Source information:
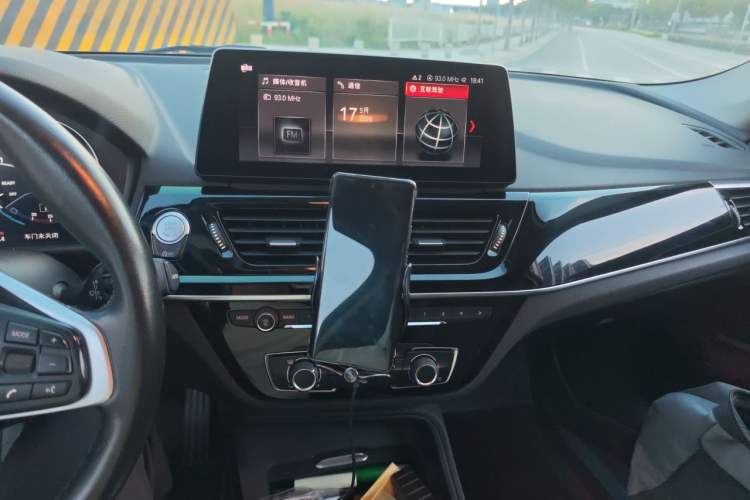 Used BMW 1 Series 2021 120i M Sport Edition Audio And AC Panel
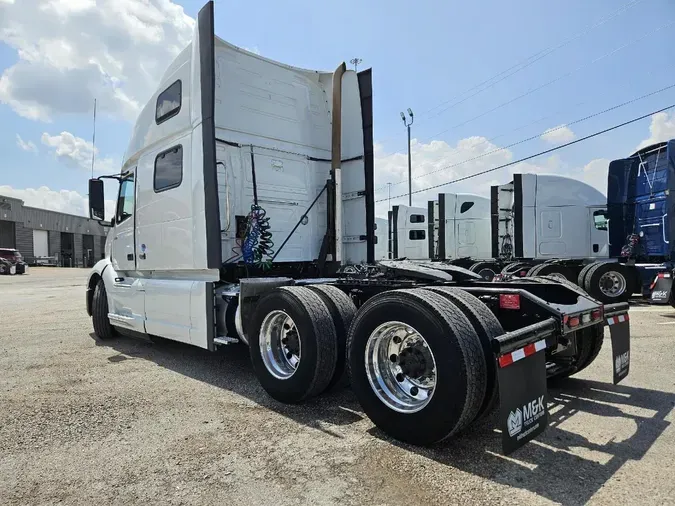 2023 VOLVO VNL64T860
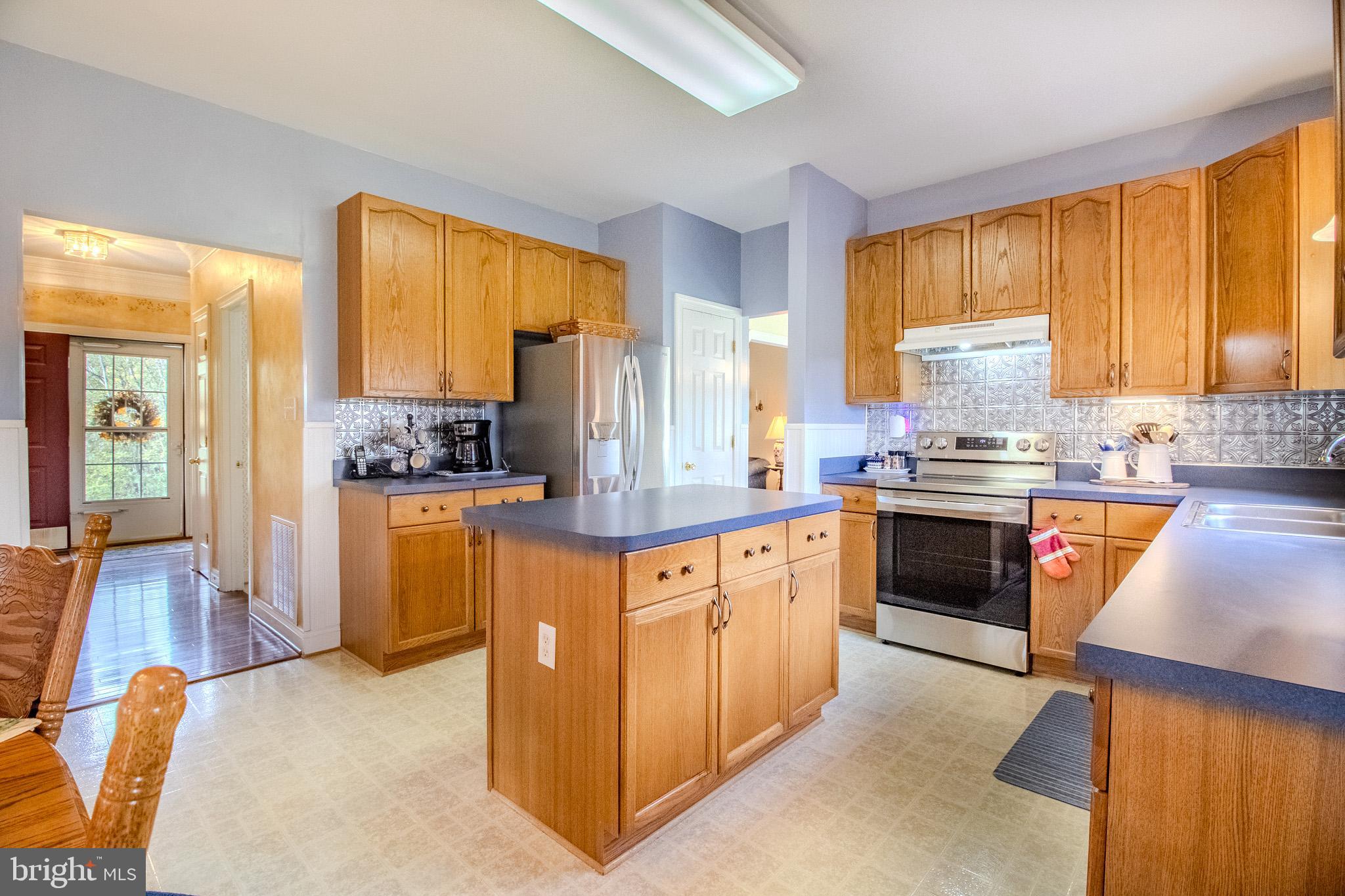 WHITINGS NECK FARM ESTATES - Residential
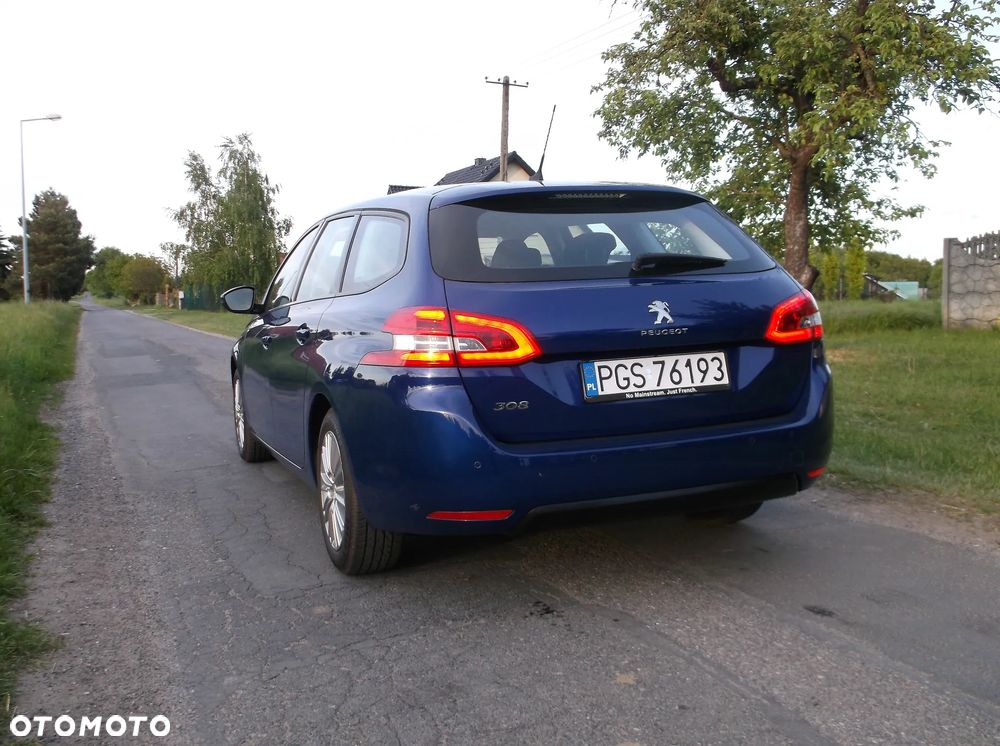 Peugeot 308 PureTech 130 GPF EAT8 Stop & Start Active Business-Paket - 35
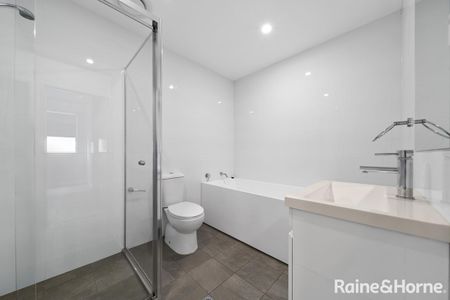 Two Spacious Three Bedroom Apartments to Choose From! - Photo 4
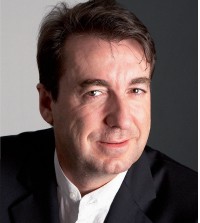 Roland André, président du SNCD, directeur général de Mediapost Multicanal, s'exprime sur l'avenir de la relation client.
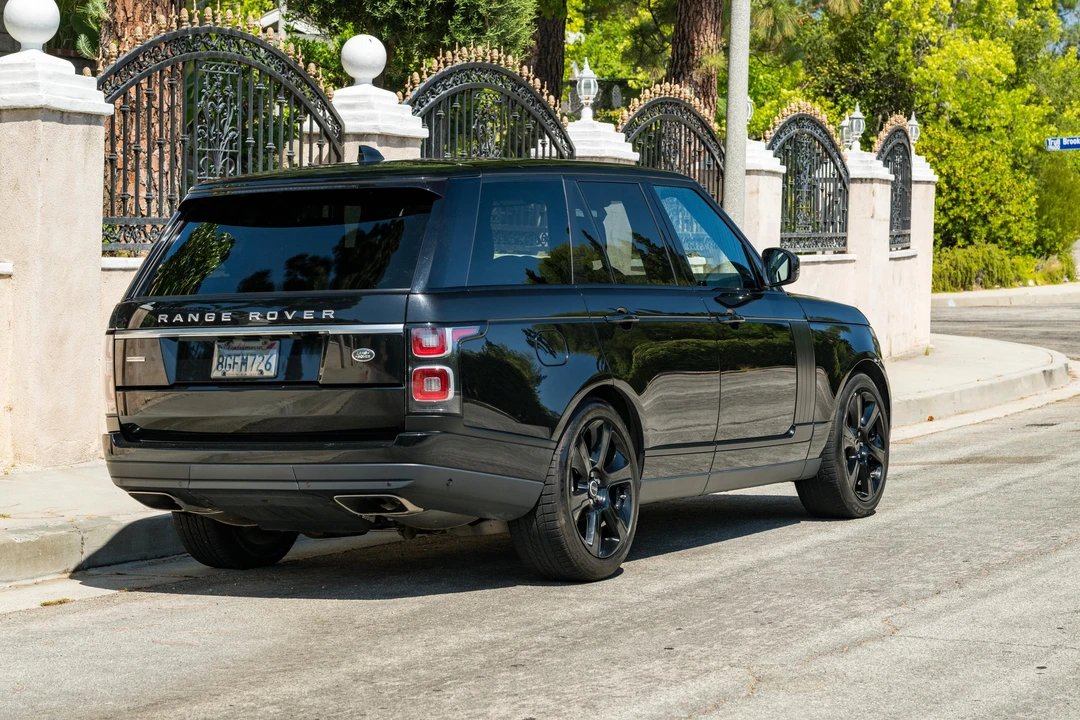 2018 Land Rover Range Rover L405 - Image 11 of 31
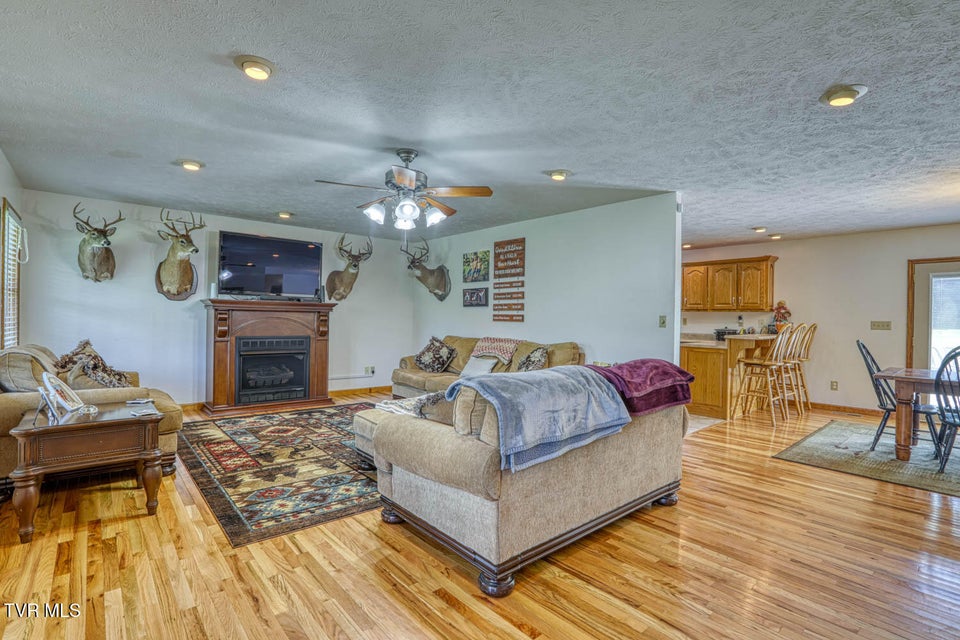 Photo #78: 293 Lee Valley Road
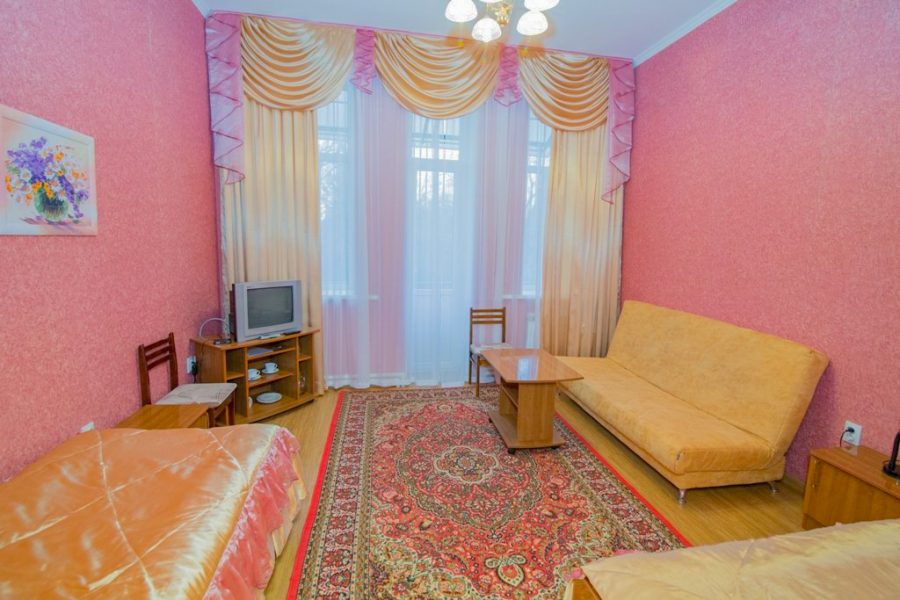 Двухместный номер в санатории Воронеж в городе Ессентуки - фотография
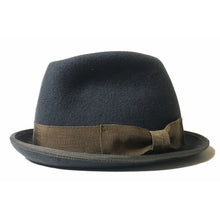 Load image into Gallery viewer, Carlisle Hats Elwood Grey Fedora with stingy brim, featuring a classic fedora design and a stylish grey felt finish.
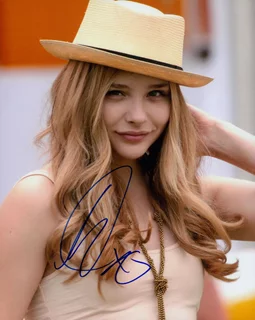 Chloe Moretz autograph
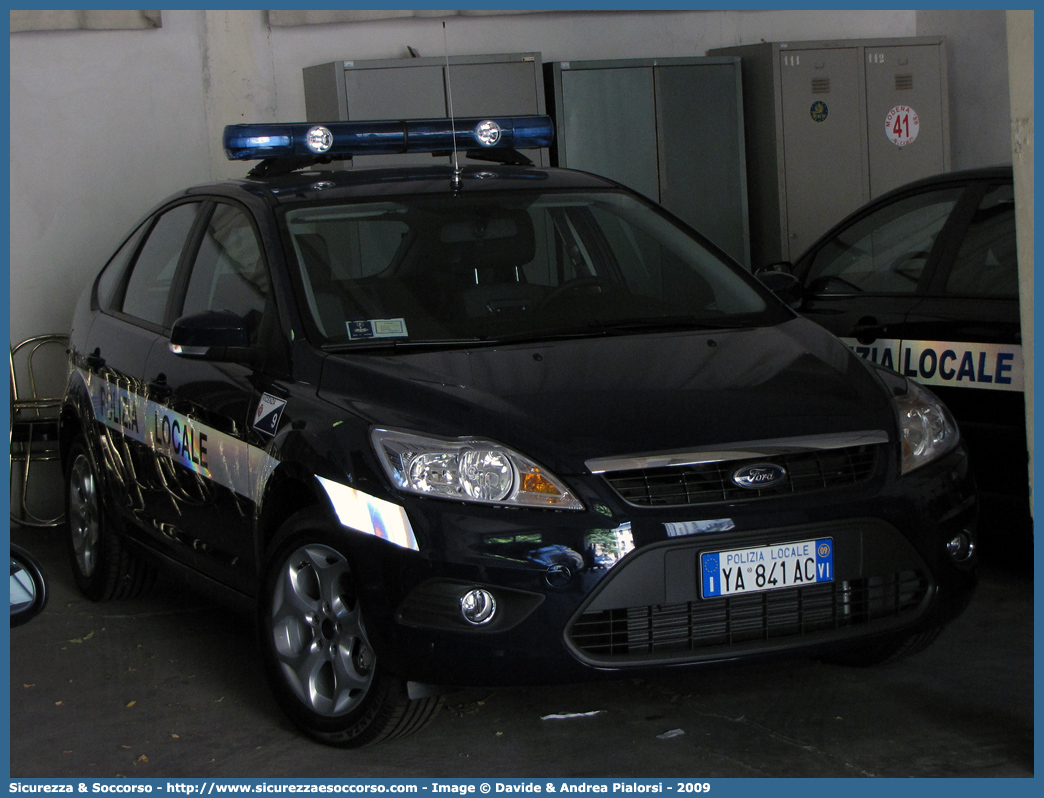 Polizia Locale YA841AC
Polizia Locale
Comune di Vicenza
Ford Focus III serie
Parole chiave: PL;P.L.;PM;P.M.;Polizia;Locale;Municipale;Vicenza;Ford;Focus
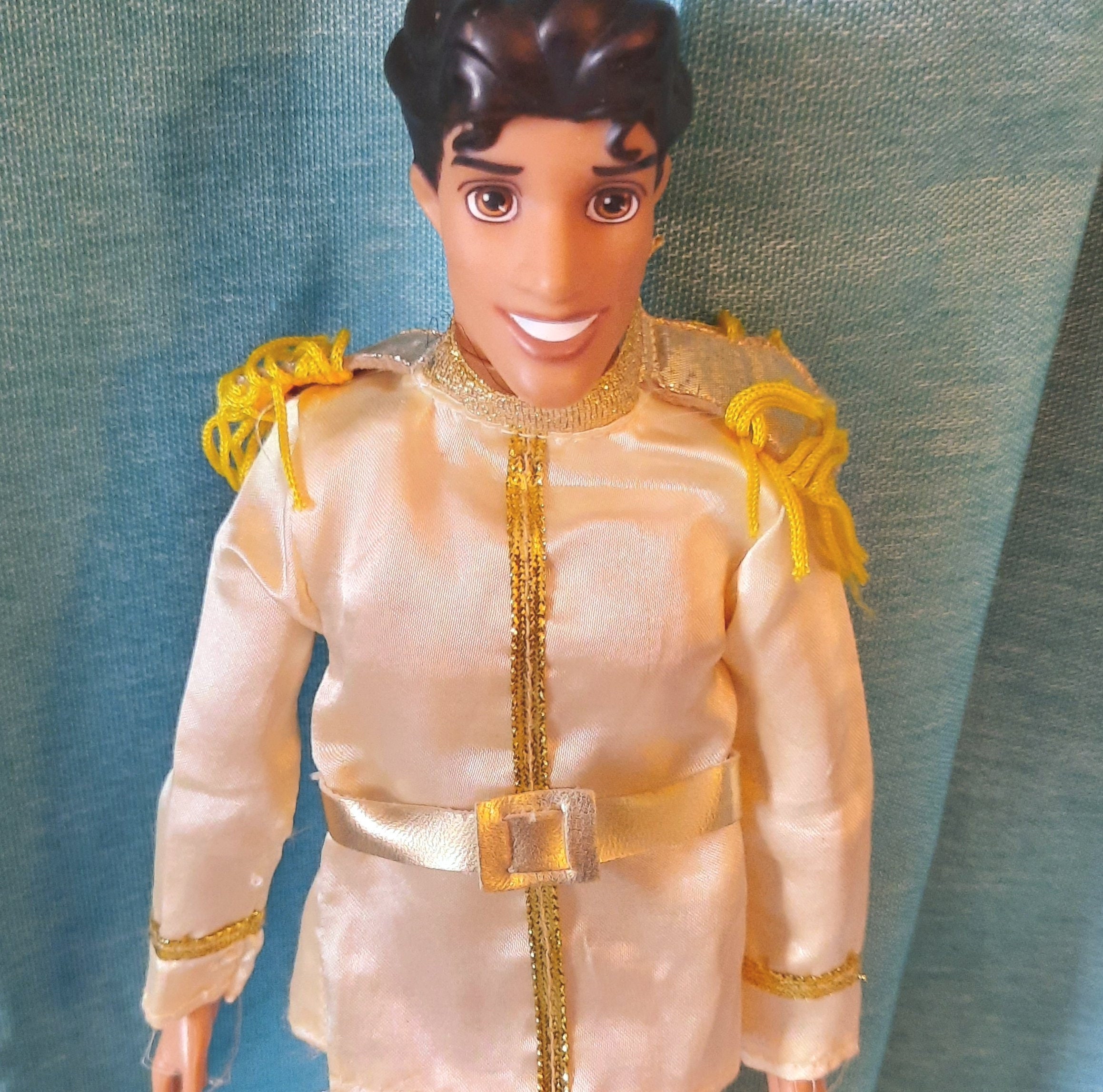 Disney Princess the Frog Prince Naveen modepop met outfit 30 cm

What needs to be done:
Only the lines from the one containing "Ford Focus III serie" through the end of the records should be copied, exactly and with both ends included; the pictures should not.

Solution below:
Ford Focus III serie
Parole chiave: PL;P.L.;PM;P.M.;Polizia;Locale;Municipale;Vicenza;Ford;Focus
 Disney Princess the Frog Prince Naveen modepop met outfit 30 cm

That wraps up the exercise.